Epígrafe funerária de granito amarelo de grão fino, que se encontra na posse do Sr. Manuel Luís, reformado administrativo da PSP, na Rua do Algeriz, lugar do Outeiro, freguesia de Ranhados, concelho e distrito de Viseu.

Segundo as palavras do proprietário, a pedra terá sido casualmente trazida para ali, em 1998, pelo empreiteiro responsável pela remoção do aterro inerente à construção do parque de estacionamento de Santa Cristina, vindo misturada com terra e muitas outras pedras; deverá, pois, indicar-se como seu local de proveniência esse Largo de Santa Cristina, em Viseu, onde se ergue a muralha romana.

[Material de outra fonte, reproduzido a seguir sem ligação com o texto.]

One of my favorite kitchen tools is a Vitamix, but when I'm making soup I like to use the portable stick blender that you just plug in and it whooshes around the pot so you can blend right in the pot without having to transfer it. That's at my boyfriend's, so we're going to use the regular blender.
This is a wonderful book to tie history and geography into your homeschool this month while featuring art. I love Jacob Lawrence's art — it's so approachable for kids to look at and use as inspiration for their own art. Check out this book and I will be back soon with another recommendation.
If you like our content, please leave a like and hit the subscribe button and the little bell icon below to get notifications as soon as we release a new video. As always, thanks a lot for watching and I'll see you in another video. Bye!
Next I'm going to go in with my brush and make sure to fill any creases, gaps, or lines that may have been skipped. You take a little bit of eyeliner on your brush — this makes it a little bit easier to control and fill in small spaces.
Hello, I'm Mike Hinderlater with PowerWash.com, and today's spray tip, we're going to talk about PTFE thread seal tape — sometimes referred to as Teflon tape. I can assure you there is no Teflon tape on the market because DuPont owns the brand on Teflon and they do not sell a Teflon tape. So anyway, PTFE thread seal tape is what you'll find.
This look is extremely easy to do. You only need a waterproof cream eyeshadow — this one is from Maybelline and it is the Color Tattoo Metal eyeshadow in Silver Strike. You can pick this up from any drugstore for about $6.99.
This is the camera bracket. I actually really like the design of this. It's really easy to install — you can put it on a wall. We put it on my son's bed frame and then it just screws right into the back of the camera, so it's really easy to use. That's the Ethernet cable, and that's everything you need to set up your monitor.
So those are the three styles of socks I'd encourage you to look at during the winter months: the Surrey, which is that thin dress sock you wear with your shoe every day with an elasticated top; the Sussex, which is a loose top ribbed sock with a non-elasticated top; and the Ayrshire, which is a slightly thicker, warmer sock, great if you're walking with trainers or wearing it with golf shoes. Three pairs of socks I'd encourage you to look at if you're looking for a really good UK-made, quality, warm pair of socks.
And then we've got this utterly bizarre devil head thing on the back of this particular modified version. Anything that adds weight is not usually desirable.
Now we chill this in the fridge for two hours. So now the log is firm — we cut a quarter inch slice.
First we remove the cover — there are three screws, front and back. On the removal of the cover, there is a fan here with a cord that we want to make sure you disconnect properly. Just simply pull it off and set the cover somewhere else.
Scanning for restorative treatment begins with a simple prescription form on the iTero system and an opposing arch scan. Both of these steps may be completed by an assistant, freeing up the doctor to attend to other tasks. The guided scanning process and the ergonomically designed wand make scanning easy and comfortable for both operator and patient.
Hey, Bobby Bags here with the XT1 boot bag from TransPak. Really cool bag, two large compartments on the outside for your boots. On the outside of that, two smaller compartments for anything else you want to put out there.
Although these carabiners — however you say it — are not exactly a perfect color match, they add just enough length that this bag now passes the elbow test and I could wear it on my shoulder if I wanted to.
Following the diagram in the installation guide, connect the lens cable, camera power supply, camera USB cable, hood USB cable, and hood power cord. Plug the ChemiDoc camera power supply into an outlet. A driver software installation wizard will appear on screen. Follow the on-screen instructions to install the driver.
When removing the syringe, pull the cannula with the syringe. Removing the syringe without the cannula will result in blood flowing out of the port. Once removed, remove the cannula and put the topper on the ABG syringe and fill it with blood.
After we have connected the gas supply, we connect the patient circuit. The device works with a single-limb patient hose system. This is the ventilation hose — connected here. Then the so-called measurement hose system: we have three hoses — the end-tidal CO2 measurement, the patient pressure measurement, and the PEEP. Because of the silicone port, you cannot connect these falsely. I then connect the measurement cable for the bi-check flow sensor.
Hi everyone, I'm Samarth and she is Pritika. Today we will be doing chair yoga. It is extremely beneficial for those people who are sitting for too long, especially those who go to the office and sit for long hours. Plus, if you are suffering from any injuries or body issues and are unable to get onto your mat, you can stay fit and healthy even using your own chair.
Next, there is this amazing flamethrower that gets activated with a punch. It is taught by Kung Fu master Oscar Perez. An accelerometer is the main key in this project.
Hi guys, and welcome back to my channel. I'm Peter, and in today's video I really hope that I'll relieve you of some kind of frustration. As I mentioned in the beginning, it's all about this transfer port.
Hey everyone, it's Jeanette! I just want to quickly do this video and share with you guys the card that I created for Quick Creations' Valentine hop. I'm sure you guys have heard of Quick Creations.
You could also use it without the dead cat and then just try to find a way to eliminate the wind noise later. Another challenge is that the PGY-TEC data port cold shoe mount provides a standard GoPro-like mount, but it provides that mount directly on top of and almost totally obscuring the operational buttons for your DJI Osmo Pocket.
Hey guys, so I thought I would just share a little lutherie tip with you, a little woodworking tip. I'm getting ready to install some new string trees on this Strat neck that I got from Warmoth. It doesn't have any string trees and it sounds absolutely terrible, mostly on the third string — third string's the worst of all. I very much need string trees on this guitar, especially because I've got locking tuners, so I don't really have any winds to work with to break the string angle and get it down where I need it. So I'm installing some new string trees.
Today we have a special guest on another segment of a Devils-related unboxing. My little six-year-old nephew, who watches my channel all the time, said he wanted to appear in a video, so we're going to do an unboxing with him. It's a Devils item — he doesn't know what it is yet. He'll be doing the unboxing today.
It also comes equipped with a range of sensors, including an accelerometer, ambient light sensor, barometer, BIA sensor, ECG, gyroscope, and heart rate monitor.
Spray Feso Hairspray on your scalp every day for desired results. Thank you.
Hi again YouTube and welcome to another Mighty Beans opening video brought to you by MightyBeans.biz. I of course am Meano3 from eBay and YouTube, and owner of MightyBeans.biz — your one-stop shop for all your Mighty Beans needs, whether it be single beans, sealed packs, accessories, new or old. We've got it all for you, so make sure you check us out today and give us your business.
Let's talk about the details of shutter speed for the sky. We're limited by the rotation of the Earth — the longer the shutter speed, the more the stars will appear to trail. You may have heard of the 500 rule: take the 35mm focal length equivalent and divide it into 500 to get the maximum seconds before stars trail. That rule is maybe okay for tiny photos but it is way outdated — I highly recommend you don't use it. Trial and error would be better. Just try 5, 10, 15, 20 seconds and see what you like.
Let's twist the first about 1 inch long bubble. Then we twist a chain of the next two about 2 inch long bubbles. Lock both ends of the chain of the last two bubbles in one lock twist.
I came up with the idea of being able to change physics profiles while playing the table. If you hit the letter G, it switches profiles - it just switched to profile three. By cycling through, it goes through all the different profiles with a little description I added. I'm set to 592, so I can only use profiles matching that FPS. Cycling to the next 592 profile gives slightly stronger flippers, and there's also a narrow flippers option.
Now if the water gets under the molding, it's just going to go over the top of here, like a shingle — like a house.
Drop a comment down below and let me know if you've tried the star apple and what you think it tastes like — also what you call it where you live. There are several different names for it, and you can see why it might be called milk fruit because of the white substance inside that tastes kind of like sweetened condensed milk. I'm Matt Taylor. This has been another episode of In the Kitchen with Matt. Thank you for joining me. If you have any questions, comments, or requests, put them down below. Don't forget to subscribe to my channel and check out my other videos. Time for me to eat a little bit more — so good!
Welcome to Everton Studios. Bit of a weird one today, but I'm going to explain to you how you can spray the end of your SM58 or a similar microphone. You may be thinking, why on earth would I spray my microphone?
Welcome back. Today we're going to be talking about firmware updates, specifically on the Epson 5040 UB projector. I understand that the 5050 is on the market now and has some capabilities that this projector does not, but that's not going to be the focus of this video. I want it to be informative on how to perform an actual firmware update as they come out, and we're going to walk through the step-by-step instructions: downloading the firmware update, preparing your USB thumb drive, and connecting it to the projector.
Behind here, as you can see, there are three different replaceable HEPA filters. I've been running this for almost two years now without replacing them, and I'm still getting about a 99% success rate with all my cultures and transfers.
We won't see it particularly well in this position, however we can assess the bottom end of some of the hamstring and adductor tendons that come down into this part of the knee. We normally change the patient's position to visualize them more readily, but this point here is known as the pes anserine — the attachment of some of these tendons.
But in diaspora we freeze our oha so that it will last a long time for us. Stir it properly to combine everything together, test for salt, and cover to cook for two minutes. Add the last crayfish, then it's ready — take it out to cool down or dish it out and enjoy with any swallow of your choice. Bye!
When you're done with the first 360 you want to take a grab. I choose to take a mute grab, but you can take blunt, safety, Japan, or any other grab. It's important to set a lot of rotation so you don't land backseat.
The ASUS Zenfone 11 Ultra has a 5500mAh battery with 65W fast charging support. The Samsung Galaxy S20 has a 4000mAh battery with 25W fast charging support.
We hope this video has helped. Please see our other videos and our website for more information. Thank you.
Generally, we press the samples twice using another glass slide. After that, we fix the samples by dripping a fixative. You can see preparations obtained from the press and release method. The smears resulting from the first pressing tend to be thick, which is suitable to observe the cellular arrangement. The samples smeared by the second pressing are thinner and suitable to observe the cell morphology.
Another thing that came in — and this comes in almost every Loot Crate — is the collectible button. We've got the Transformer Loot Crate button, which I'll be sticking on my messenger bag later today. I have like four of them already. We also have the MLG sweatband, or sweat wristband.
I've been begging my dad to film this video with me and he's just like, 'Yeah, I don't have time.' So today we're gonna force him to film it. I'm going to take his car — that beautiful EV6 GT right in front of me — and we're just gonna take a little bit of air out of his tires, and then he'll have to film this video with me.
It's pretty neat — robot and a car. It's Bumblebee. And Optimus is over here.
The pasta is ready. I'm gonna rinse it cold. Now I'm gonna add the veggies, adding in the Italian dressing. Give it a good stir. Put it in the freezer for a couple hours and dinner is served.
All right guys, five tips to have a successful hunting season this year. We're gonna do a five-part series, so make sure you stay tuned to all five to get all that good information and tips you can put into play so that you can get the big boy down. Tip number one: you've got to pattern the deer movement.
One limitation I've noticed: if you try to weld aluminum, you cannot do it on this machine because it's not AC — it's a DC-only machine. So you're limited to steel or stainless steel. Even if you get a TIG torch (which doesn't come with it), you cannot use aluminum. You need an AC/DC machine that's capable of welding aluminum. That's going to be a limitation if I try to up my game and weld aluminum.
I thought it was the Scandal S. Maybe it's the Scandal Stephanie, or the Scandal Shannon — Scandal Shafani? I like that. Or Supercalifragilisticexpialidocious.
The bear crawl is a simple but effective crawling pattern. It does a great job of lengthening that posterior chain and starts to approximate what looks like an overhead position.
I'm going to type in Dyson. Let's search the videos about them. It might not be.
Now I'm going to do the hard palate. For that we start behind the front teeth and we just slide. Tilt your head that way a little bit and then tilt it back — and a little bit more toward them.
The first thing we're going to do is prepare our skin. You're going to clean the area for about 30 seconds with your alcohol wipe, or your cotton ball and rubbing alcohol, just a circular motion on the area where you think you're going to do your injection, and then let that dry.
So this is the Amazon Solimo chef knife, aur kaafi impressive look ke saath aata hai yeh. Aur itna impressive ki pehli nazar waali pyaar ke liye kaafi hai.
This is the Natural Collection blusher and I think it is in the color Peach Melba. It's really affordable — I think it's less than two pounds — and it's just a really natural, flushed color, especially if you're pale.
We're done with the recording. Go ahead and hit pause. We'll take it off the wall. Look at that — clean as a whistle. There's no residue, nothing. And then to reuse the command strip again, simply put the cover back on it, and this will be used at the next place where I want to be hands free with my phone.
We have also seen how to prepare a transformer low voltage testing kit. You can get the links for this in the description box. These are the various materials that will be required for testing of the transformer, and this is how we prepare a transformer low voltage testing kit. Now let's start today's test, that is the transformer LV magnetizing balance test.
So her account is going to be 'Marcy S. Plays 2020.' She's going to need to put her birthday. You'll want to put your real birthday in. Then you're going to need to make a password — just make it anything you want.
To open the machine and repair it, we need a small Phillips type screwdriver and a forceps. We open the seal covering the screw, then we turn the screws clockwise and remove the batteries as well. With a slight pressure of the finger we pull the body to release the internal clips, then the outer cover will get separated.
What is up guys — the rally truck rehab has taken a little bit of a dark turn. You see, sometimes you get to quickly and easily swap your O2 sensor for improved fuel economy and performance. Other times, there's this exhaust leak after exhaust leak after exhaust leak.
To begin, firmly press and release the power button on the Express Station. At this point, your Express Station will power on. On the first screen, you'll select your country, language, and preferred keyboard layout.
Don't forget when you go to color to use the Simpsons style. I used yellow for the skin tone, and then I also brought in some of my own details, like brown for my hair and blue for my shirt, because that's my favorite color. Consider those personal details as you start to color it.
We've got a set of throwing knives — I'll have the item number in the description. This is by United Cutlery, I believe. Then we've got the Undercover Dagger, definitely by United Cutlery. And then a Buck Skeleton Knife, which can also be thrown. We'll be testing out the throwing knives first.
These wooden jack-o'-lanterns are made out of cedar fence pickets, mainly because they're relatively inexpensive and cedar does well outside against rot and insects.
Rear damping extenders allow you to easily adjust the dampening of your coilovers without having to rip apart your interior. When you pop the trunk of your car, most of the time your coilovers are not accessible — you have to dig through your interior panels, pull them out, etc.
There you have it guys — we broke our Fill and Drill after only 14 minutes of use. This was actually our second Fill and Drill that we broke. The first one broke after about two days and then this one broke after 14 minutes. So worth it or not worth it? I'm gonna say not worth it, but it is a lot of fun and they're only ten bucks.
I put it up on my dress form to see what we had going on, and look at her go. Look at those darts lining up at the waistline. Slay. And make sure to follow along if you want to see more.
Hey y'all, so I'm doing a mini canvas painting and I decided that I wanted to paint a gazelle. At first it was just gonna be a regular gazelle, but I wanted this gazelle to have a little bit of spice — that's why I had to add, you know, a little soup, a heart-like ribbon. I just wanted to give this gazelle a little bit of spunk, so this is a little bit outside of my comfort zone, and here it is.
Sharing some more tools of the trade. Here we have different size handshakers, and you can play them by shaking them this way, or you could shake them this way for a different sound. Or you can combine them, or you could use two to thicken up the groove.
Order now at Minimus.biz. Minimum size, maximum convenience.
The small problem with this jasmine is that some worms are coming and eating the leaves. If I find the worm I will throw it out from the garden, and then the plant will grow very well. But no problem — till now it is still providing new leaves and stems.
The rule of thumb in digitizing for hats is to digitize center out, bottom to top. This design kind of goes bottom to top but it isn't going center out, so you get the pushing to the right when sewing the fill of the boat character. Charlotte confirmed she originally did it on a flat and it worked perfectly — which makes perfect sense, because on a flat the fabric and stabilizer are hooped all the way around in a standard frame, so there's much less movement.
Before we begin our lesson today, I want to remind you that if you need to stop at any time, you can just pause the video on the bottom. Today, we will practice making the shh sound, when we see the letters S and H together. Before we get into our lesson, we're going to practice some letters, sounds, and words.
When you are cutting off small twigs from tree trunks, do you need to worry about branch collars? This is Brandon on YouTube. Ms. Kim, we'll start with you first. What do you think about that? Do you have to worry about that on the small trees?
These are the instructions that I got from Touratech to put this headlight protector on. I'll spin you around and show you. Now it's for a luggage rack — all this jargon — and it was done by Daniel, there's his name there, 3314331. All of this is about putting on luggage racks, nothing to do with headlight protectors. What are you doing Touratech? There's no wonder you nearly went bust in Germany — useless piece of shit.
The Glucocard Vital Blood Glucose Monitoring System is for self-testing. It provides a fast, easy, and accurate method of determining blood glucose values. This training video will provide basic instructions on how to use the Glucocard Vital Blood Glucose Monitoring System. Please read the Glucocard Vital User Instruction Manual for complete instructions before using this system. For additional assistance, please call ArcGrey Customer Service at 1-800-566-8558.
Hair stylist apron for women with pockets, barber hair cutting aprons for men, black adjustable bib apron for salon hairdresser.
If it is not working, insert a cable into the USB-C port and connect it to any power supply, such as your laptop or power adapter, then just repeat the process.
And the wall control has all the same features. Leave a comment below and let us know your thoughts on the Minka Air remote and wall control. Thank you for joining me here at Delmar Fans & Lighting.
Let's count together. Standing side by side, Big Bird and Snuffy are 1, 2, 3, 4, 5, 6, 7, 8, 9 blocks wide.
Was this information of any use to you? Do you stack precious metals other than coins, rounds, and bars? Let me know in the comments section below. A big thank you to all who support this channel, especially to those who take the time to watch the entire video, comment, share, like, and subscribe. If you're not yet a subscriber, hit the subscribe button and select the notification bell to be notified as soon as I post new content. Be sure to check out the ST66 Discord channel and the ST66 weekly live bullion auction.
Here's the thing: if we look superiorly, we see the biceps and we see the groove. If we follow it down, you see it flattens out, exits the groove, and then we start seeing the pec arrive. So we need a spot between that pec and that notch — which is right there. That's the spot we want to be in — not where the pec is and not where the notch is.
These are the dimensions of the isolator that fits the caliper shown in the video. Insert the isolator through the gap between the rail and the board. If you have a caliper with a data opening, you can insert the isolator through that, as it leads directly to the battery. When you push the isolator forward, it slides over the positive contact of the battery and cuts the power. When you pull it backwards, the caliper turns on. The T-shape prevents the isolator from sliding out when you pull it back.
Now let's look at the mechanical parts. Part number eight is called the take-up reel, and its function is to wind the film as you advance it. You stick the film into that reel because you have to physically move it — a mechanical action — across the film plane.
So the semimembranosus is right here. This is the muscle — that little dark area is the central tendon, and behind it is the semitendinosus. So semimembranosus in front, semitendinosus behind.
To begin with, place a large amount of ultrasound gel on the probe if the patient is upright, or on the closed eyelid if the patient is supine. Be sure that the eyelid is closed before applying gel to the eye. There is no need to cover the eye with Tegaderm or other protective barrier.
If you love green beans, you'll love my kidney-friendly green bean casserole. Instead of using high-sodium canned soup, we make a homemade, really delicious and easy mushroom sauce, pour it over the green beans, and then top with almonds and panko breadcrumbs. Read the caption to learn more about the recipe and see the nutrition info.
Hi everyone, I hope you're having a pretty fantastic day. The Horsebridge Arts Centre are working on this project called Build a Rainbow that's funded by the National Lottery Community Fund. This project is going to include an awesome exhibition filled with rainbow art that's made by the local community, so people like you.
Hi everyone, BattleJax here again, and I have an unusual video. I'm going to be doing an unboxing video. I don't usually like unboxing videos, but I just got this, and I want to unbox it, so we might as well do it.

Serve presentemente de base a uma mesa de granito (Fig. 1), estando parcialmente enterrada no chão calcetado, sendo apenas observáveis as primeiras 4 linhas e estando ocultas as 3 restantes, que ainda foram vistas pelo Doutor João Vaz (Fig. 2). Está em bom estado de preservação, apenas parcialmente lascada na face lateral esquerda; na face lateral direita, observa-se uma marca de fórfex. É patente o cuidado tido na produção do suporte, bem polido.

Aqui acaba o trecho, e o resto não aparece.